Murray-Darling Basin Authority digs in against royal commission, full response weeks away

By Stephen Easton

February 7, 2019

Source: https://commons.wikimedia.org/wiki/File:Murray_River_at_Boundary_Bend.jpg

The Murray-Darling Basin Authority’s five current members have resolved to rally around agency head Phillip Glyde and continue denying the extremely serious findings of the South Australian royal commission, while they prepare a more comprehensive response.

The statutory authority, of which Glyde is a member while also leading its public service support agency, reports it considered royal commissioner Bret Walker’s damning findings among many other topics when it met in Canberra on Monday and Tuesday.

“Members rejected the Commission’s findings that the MDBA had been negligent or had acted improperly or unlawfully,” reports the official communique.

“The Authority reiterated its full confidence in Chief Executive Phillip Glyde and offered its full public support for his leadership of the MDBA and stewardship of the Basin Plan.”

‘Improperly pressured’

The federal body plans to release a longer response “in coming weeks” but, meanwhile, it also points to the CSIRO’s own brief denial of Walker’s finding that it was “improperly pressured” to alter one of its reports by the MDBA.
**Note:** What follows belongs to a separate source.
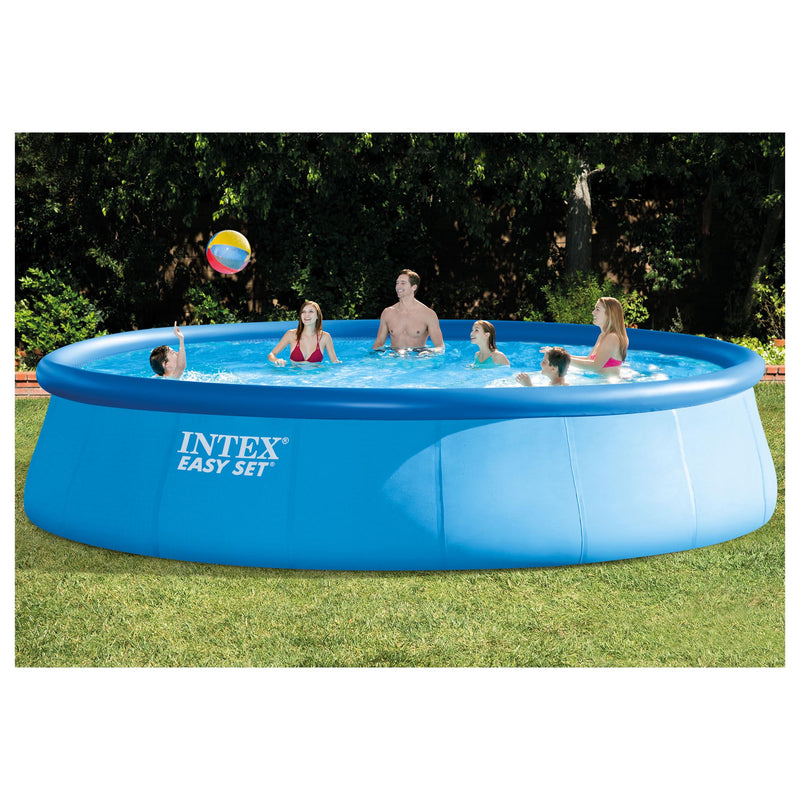 Intex 18’ x 48” Above Ground Swimming Pool and 2500 GPH Cartridge Filter Pump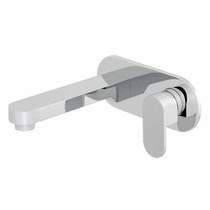 Vado Life Wall Mounted Basin Mixer Tap With 200mm Spout (Chrome).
“This rendered parts of that report misleading, as they no longer reflected the views of, at the very least, Dr Matthew Colloff, who was one of the authors,” reported the royal commissioner, who concluded this was one of several examples of maladministration. “The CSIRO should not have agreed to the changes that were made.”

The research agency refutes this claim and says “robust governance and independent review processes” apply to all of its scientific output, including the work in question. “We strongly reject suggestions that CSIRO’s scientific integrity was compromised, its independence undermined, or that it acted in secrecy,” reads a brief statement.

MDBA members “expressed concern” about the current hot and dry weather conditions at the two-day meeting, noting it “took place against a backdrop of continuing drought conditions, low inflows and record January heat across the Basin” and the Bureau of Meteorology’s advice that the drought will continue.

The authority also discussed climate change, which the royal commissioner said it had largely failed to consider in its work — another claim Glyde has denied. The authority reports it “plans to engage more broadly with the climate science community and to deepen partnerships with the CSIRO and BoM” to better understand how global warming will affect the basin.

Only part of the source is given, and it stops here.